(photo is of White House Treaty Room, White House Museum Archives)
During a Maria Leavey Memorial Breakfast Series discussion with Senate Majority Leader Harry Reid (D-NV), I asked the Senator in May 2008 whether there would be any action before the end of that Congress on the “Law of the Sea Treaty“. This treaty was one that most Democrats supported, Senate Foreign Relations Committee Chairman Richard Lugar supported it, the military wanted it, George W. Bush wanted it — even though his legislative staff undermined him on it, and Senator John McCain had strongly supported it before he strongly didn’t.
The entire exchange with Senator Reid was interesting — and it was clear that had Reid had more time on the Congressional clock, he would have tried to push through consideration of the treaty, but at the same time, there seems to be an allergy to treaties.

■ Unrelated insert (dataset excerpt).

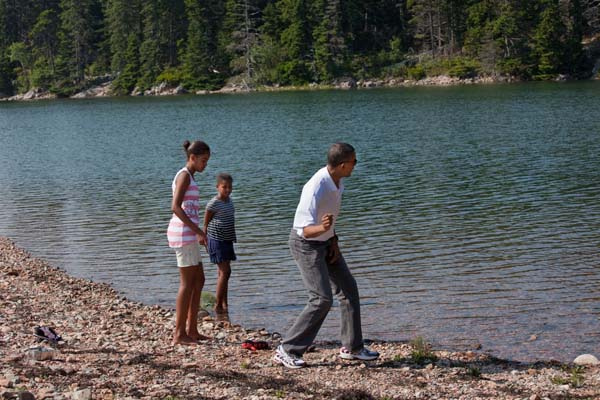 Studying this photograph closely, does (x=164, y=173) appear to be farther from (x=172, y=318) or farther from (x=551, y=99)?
(x=551, y=99)

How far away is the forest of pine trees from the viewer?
341 feet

The Senate needs to get back into the Treaty business — whether it is START, the Law of the Seas Treaty, or others like the Land Mine Treaty — and the White House should jump at chances to push the Senate back to ratifying global protocols that show America is back supporting and promoting a global liberal order that simultaneously enhances US interests but also global stability.

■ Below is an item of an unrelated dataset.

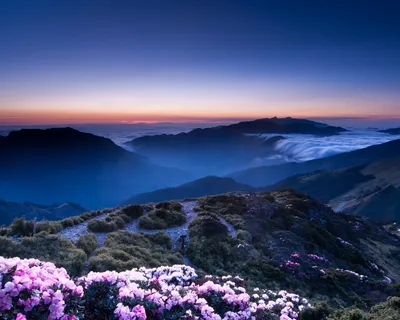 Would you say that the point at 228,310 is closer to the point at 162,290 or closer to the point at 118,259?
the point at 162,290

Reid’s answer to my query was:
First of all folks understand that the Republicans in the Senate do not represent mainstream Republicanism in the country.
Mainstream Republicanism in the country is moderate. The Republicans in the Senate are not moderates, with the one exception of Olympia Snowe are not moderates, they’re right wing. And that includes some people who in the past have been moderates, someone you’d think like Arlen Specter. I talk about Arlen Specter in my book briefly and say that he’s with us when we don’t need him. (Laughter) Which is true, he never votes with us on an important vote. The only one who does is Olympia Snowe. So having said that, understand the Senate doesn’t represent what’s going on in the country either with Democrats or Republicans.

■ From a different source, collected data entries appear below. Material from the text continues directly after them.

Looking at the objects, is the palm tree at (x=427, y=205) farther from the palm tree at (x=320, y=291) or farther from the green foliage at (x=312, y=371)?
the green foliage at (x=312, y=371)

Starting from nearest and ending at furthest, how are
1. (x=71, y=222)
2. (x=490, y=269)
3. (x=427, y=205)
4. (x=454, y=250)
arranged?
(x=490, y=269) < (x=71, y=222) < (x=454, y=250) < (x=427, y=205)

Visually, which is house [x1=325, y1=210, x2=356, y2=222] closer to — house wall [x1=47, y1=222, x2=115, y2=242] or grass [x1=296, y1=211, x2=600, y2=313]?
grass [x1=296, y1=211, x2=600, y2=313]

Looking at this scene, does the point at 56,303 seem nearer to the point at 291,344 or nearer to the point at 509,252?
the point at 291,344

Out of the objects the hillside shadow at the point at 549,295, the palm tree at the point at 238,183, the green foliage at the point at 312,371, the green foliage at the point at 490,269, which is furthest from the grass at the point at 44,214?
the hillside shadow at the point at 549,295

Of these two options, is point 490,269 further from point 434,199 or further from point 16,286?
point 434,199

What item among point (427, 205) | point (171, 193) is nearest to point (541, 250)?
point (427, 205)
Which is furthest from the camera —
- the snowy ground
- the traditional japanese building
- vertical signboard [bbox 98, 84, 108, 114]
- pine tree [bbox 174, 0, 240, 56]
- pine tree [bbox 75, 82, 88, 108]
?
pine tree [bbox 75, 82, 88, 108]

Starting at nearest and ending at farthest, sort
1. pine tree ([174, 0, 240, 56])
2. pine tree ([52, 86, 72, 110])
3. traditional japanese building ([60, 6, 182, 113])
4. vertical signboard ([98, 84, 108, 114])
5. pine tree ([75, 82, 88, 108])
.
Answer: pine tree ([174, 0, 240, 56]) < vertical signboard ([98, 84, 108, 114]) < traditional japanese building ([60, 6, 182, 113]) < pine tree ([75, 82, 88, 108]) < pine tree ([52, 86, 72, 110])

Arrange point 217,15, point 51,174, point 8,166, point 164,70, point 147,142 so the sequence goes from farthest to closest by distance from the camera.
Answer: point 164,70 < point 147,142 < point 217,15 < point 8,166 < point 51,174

As a result of that we’re not getting much done in foreign policy. You will once in a while get a Republican like Brownback, who as a sensitive man in some respects will work hard on an issue like AIDS, um, but his position on choice is so far to the right it interferes with his doing a lot of other things.
Now, there are many things that need to be done, the Law of the Seas is one. I do not have two weeks to spend on the Senate floor. I should do it, if for no other reason than to embarrass John McCain with his flip-flopping.
I’ve spoken over the weekend to Stephen Hadley about a couple of foreign policy issues that are extremely important. One is a treaty called the 1-2-3 Treaty, how it got that name I have no idea, but it is to work with the Soviet Union (sic) for further cooperation for taking down our military…our atomic weapons, and that’s something we need to do. I hope they send it down soon, statutorily, if they do, we have 90 days to take actions. I will do my very best to make sure we take action on it.
This week, both the New York Times and the Washington Post ran articles in which the US Senate was calling on the White House to join the Land Mine Treaty, which has been globally in force without US support for more than a decade.
Senator Patrick Leahy, who has been leading the charge, says that there are enough votes in the Senate today to ratify the Treaty – and this could very well lay groundwork for other across-the-aisle cooperation on key treaty votes in this Congress and the next.
Beyond the good sense and global good will that would be achieved if the US did become a Land Mind treaty signatory, this lays the groundwork for the Obama team’s efforts to get the recent US-Russia START agreement ratified. Since there is so much bipartisan support for it, the Law of the Sea Treaty should also be in line.
The White House would be wise to jump on the Senate’s offer of ratifying one treaty to get it in the grooves to move others.